▶ ABOUT THIS TASK: Retype the records in full, and please keep the pictures out of the copy.

Pictures with short captions:
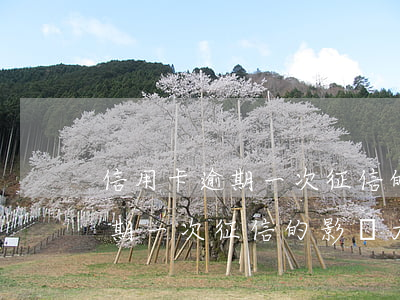 信用卡逾期一次征信的影響大嗎-信用卡逾期一次征信的影響大嗎知乎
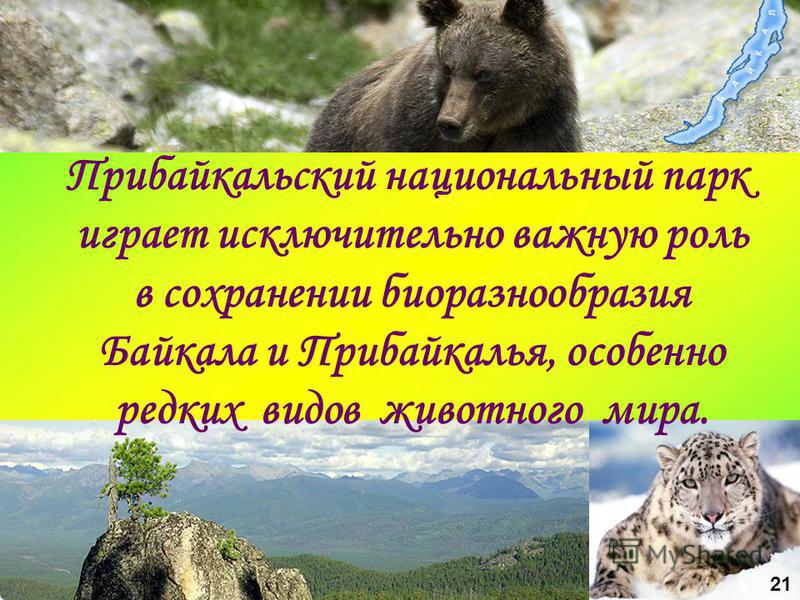 19 Прибайкальский национальный парк играет исключительно важную роль в сохранении биоразнообразия Байкала и Прибайкалья, особенно редких видов животного мира. 21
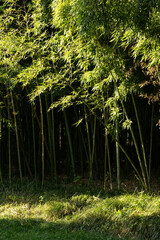 Fototapeta na wymiar Bamboo grove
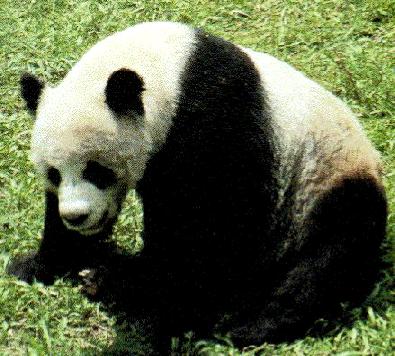 pandabear1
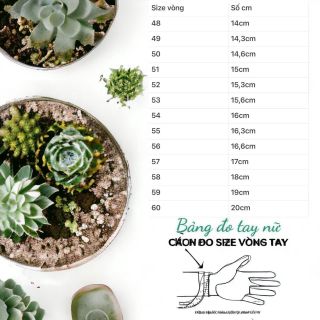 VÒNG TAY CỎ BỐN LÁ LU THỐNG NGỌC CẨM THẠCH THIÊN NHIÊN - THẮNG GIANG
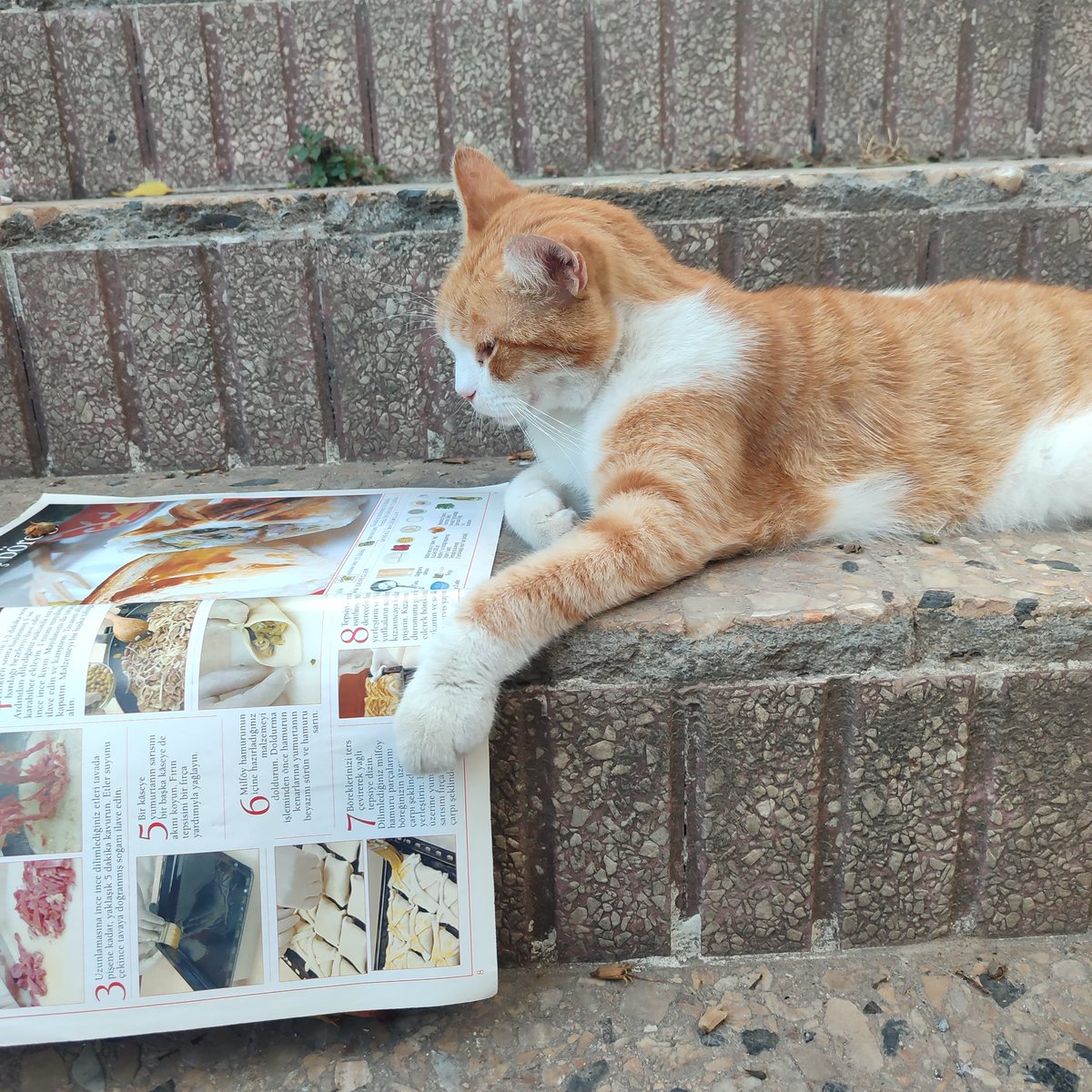 vetra_skaznaya's tweet photo. kitap okuyan sarmiş https://t.co/ufvUUl7I4G
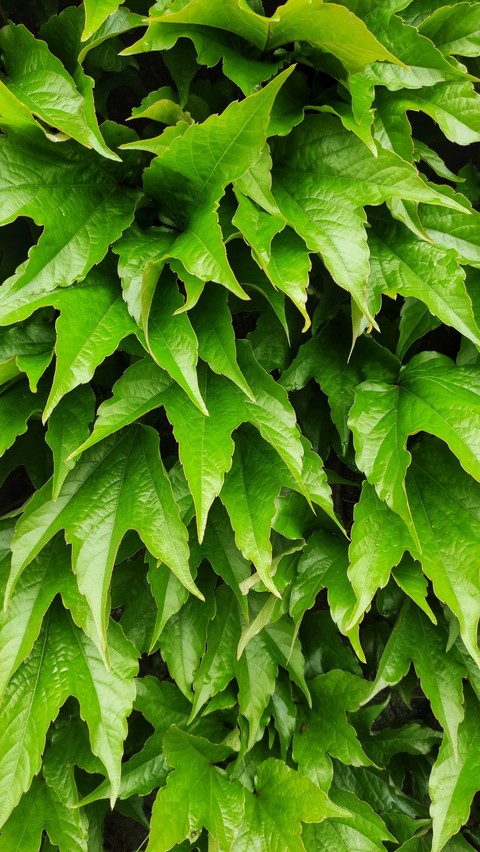 plant, herb achtergronden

▶ OUTPUT OF THE TASK:
 信用卡逾期一次征信的影響大嗎-信用卡逾期一次征信的影響大嗎知乎
 19 Прибайкальский национальный парк играет исключительно важную роль в сохранении биоразнообразия Байкала и Прибайкалья, особенно редких видов животного мира. 21
 Fototapeta na wymiar Bamboo grove
 pandabear1
 VÒNG TAY CỎ BỐN LÁ LU THỐNG NGỌC CẨM THẠCH THIÊN NHIÊN - THẮNG GIANG
 vetra_skaznaya's tweet photo. kitap okuyan sarmiş https://t.co/ufvUUl7I4G
 plant, herb achtergronden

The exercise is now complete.